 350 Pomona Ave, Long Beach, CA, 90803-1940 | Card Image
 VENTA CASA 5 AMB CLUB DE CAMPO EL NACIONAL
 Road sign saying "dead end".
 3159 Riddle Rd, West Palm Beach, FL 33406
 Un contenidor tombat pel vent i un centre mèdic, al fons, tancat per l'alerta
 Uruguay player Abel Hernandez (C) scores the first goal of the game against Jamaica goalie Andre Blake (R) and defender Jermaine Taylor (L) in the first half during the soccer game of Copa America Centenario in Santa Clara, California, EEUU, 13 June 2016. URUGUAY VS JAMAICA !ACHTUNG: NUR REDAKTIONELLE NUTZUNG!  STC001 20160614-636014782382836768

..........

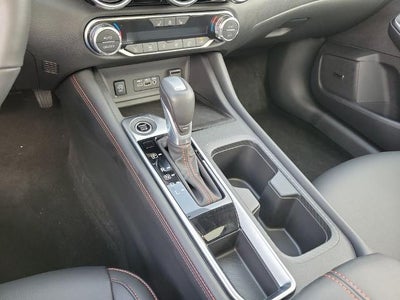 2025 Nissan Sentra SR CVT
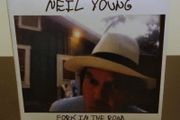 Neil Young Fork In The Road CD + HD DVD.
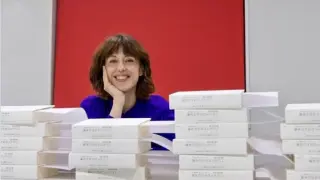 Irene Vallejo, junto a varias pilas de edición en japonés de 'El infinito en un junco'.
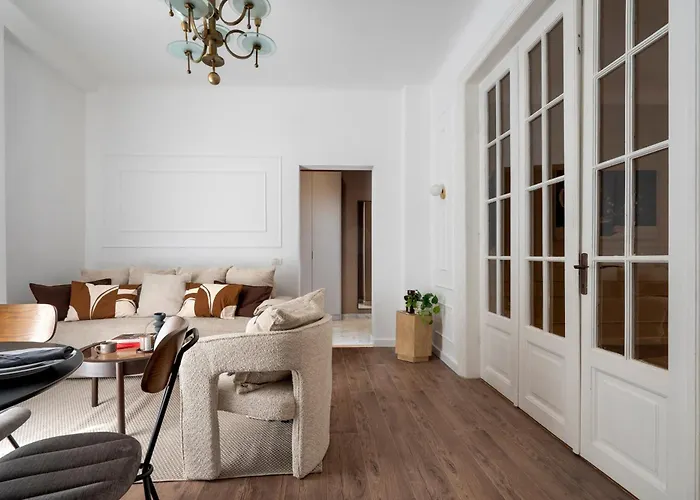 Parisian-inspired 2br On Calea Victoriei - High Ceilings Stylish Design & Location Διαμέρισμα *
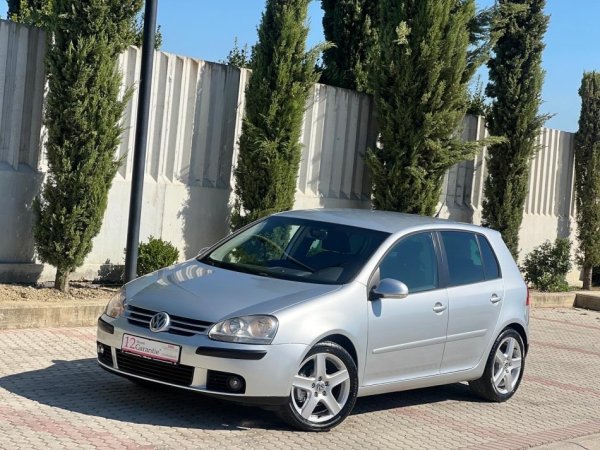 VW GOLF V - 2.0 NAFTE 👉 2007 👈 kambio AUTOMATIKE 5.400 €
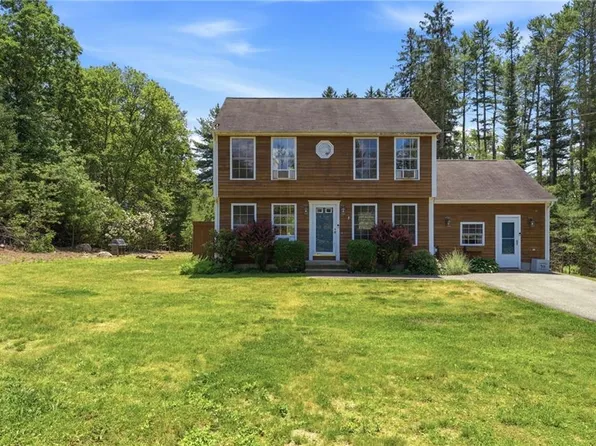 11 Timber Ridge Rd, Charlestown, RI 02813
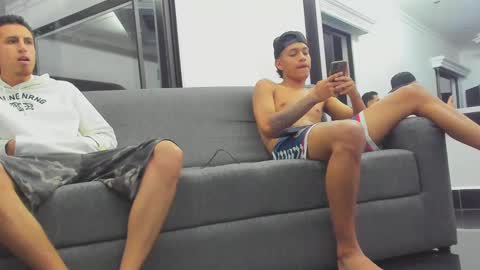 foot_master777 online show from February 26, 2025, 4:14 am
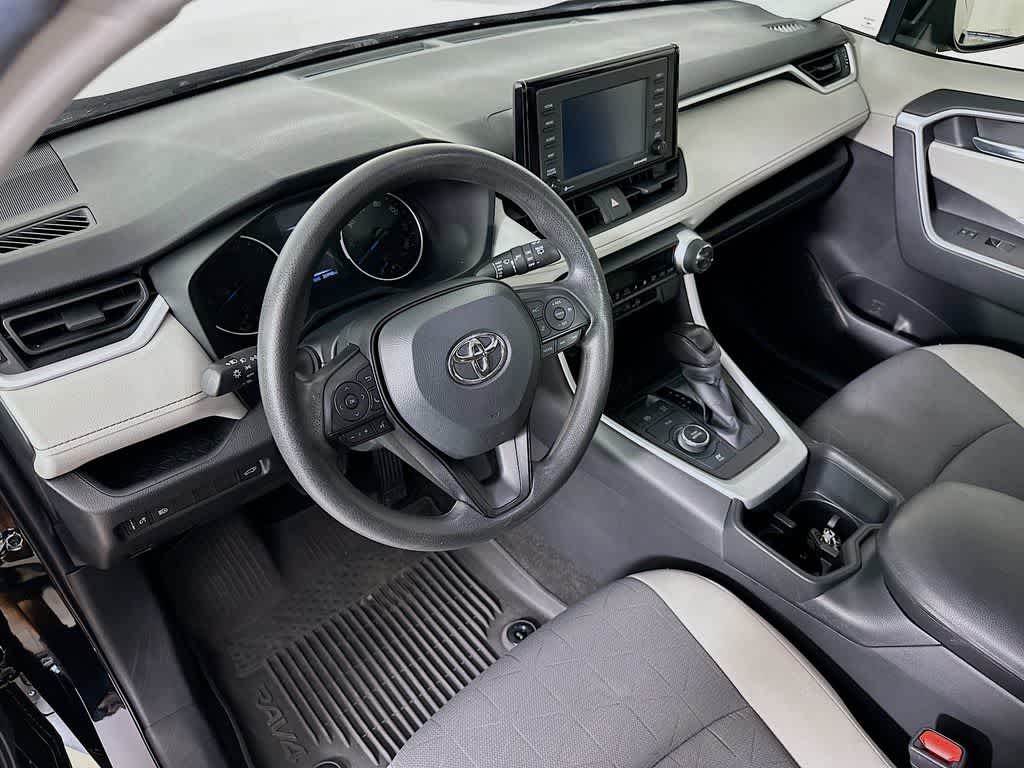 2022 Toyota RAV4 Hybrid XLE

..........

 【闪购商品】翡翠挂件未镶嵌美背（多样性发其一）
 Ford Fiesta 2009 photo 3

..........

■ YOUR GOAL:
Only one part of the listing is wanted: the lines from the one containing "2025 Nissan Sentra SR CVT" through the one containing "2022 Toyota RAV4 Hybrid XLE", both included. Please transcribe it exactly, leaving out the pictures.

■ SOLUTION TO THE EXERCISE:
 2025 Nissan Sentra SR CVT
 Neil Young Fork In The Road CD + HD DVD.
 Irene Vallejo, junto a varias pilas de edición en japonés de 'El infinito en un junco'.
 Parisian-inspired 2br On Calea Victoriei - High Ceilings Stylish Design & Location Διαμέρισμα *
 VW GOLF V - 2.0 NAFTE 👉 2007 👈 kambio AUTOMATIKE 5.400 €
 11 Timber Ridge Rd, Charlestown, RI 02813
 foot_master777 online show from February 26, 2025, 4:14 am
 2022 Toyota RAV4 Hybrid XLE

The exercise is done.